Benjamin also mentioned a problem which he said he has made consistent complaints about to his superiors – the lack of training for mental health nurses.

“They have not done any of the formal training, and so sometimes they have difficulty understanding the process that is being followed at the psychiatric unit,” he added

Today, a senior nurse called for the appropriate chain of command to be followed while one other health officer claims to be banned from a consultant’s rounds.

“But the nurse have right to be on the doctor’s round,” Someone added, “but of course it’s our responsibility!” another one echoed.

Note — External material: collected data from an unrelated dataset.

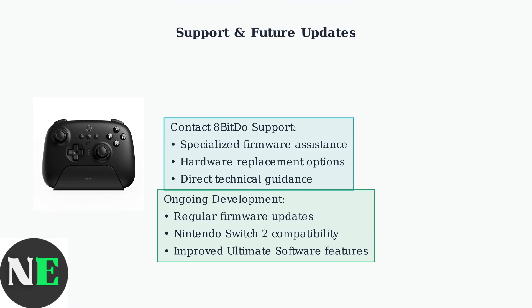8BitDo continues releasing firmware and software updates to fix bugs and improve compatibility. Expect enhanced support for the upcoming Nintendo Switch 2 and new controller features in future releases.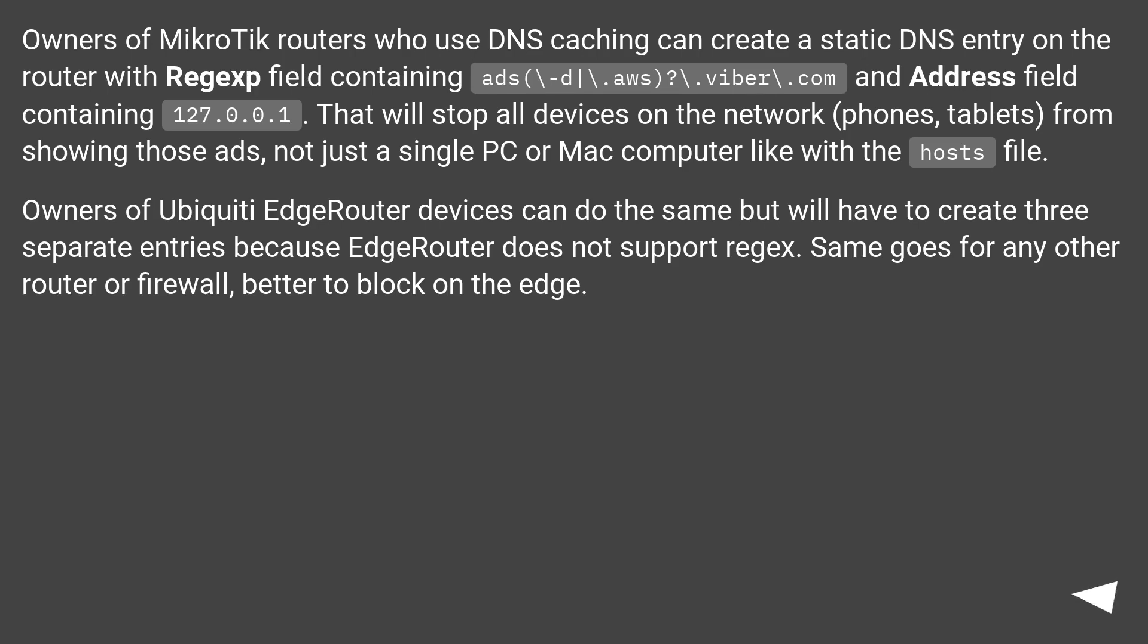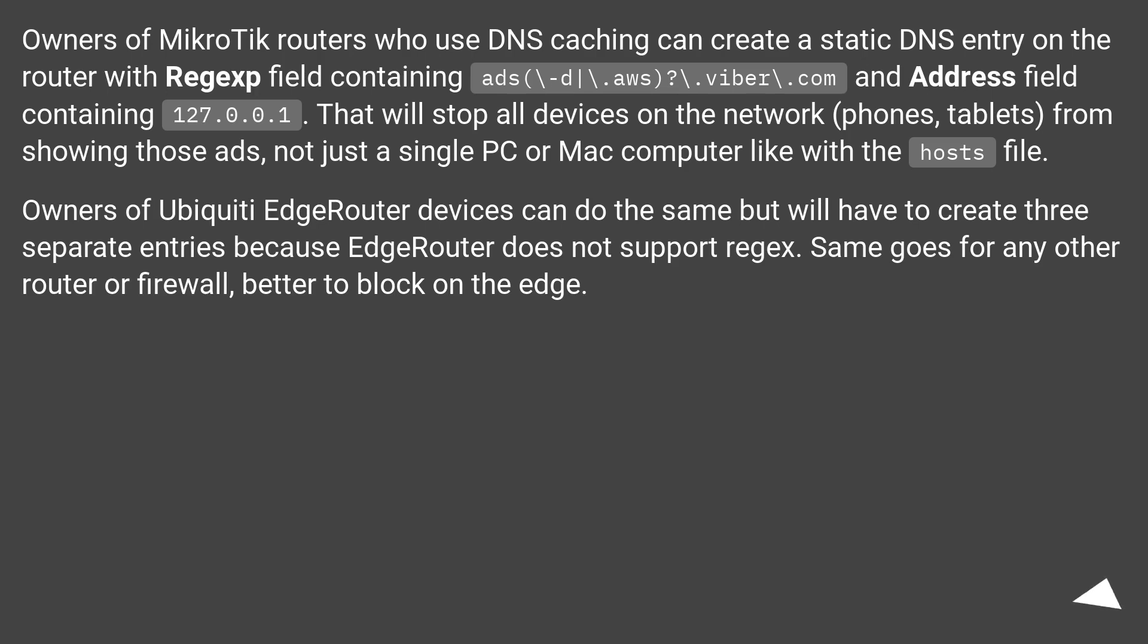Owners of MikroTik routers who use DNS caching can create a static DNS entry on the router with Regexp field containing ads\d|-\.aws?\.viber\.com and Address field containing 127.0.0.1.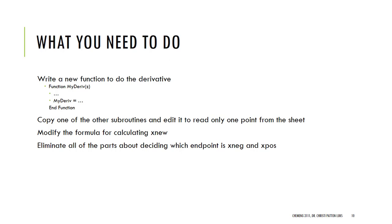And then, you get to eliminate an awful lot of code. I don't have to decide whether one end is negative or positive, so I can eliminate a lot of that code. So, your code should be a lot shorter this time.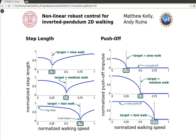Using this methodology, we designed controllers for slow, medium, and fast walking. One interesting result is that the step length controller is essentially nonlinear. To change its speed, either to go faster or to go slower, the robot increases its step length.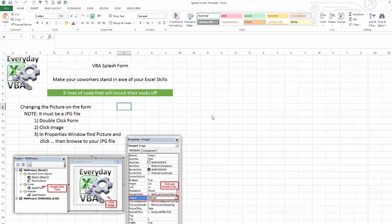And then I also have in here, in this template, I've got the ways that you can change the image on there, because you're obviously not going to want to put Everyday VBA. As much as I would really like you to, probably not the best thing to do. But this will blow their socks off. The crazy thing is, it's only nine lines of code.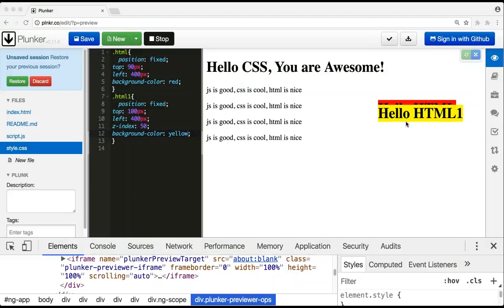You can see that the 'hello html' box is behind the other one because my z-index is 50. So if anything comes up with z-index 100, then that will be on top of the other one. This is how the z-index works in CSS.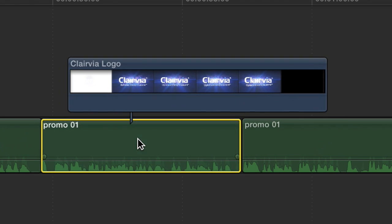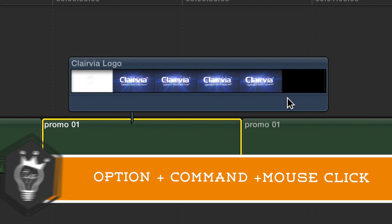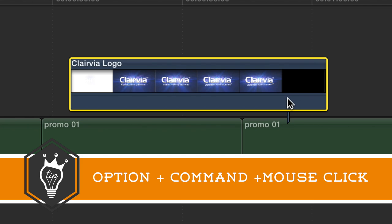You can see it moves with it, but let's say I wanted to move it over here. I'm going to press Option and Command, and then I'm going to click over here. Did you see that? It hopped right over there.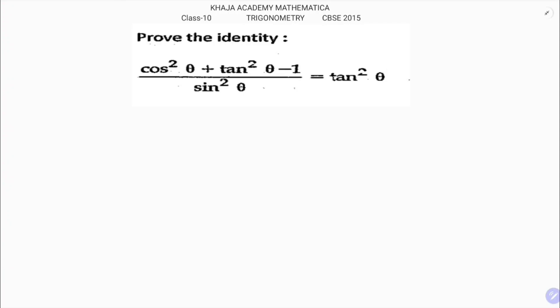Prove the identity (cos²θ + tan²θ - 1) / sin²θ = tan²θ. This question was asked in CBC 2015.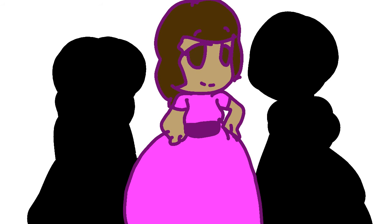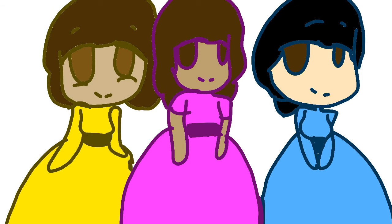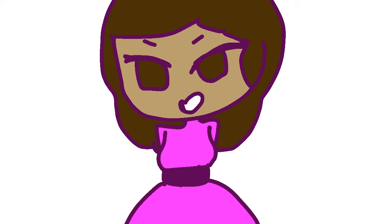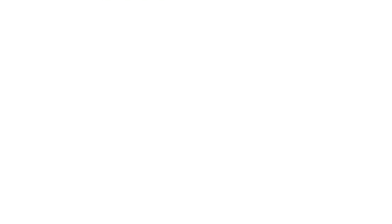Work, work, Angelica. Work, work, Eliza. And work, work, the Schuyler sisters. Angelica, Peggy, Eliza, work.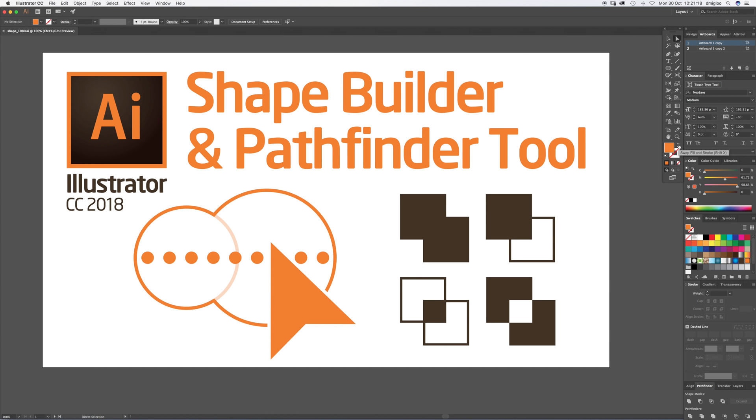Welcome to another Igloo Imaging tutorial. This is Illustrator CC, but these tools have been around for quite a while now, so they go back a few versions. We've got the Shape Builder tool and the Pathfinder tool, very useful tools when you're doing vector graphics, logo design, that kind of thing.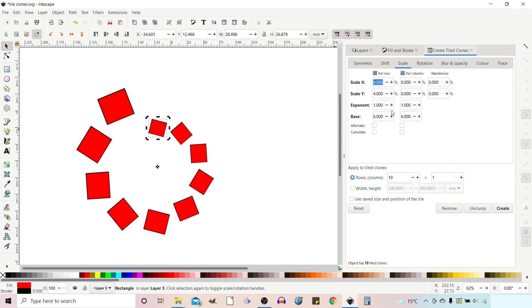So I think we're going to have to leave it there for this video. In the next video, we'll take a look at the rest of the tabs. So we'll be looking at blur and opacity, color and trace. And I'll be showing you how you can use trace to create a mosaic picture from a photo. We'll also take a look at how we can create the half tone effect. So thanks for watching and I'll see you in the next video.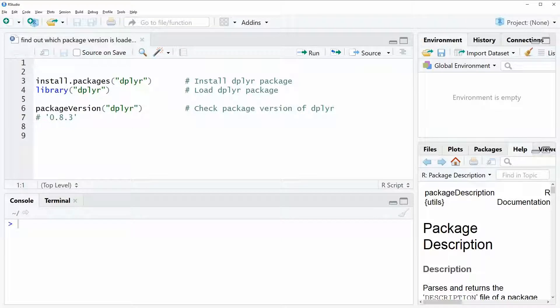Hi, this is Joachim for statisticsglobe.com and in this video I will show you how to find out which package version is currently loaded in R.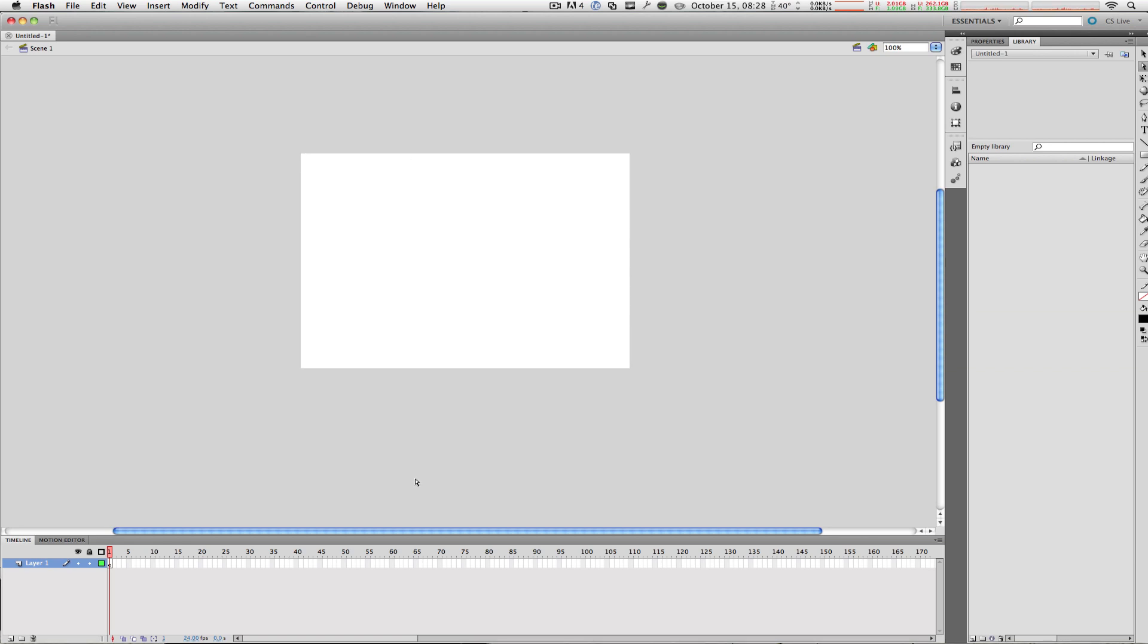Now there are several different file types that you will be working with in Flash, and it is very important to understand them before you move forward.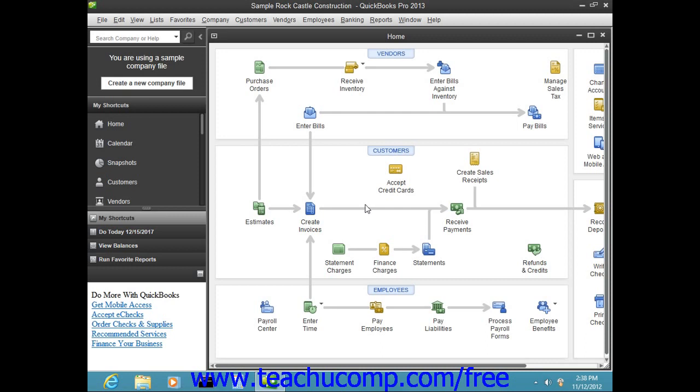So for example, if you indicated that your company doesn't use Estimates when you were creating your company file, then you would not have the Estimates icon appear within your company file's home page once you finished creating the company file.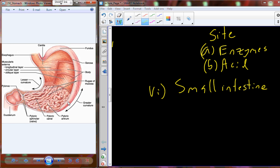How come we don't digest our own stomach? We can eat tripe — cow's stomach — and digest it, so why don't we digest our own? That's a question we'll address later. Food in the stomach is mechanically churned up and broken down, and that processed chyme is delivered into the small intestine.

All nurses wore green ribbons as the symbolic color for the mentally challenged. They plan to do so till the end of the month.

The gathering, again, was convened on a portion of the lawn located at the side of the APU building, allowing the free flow of traffic in and out of the grounds. At least six police officers, were present this time, including a police photographer.

“Bullying in the workplace is wrong! We condemn it and ask the perpetrators to stop. We also encourage employees everywhere to reject bullying in the workplace and make their workplace a bully-free zone,” Felix said.

Citing that bullying has gone on for 10 years, Felix hopes that by year-end there will be no more reports of emotional abuse.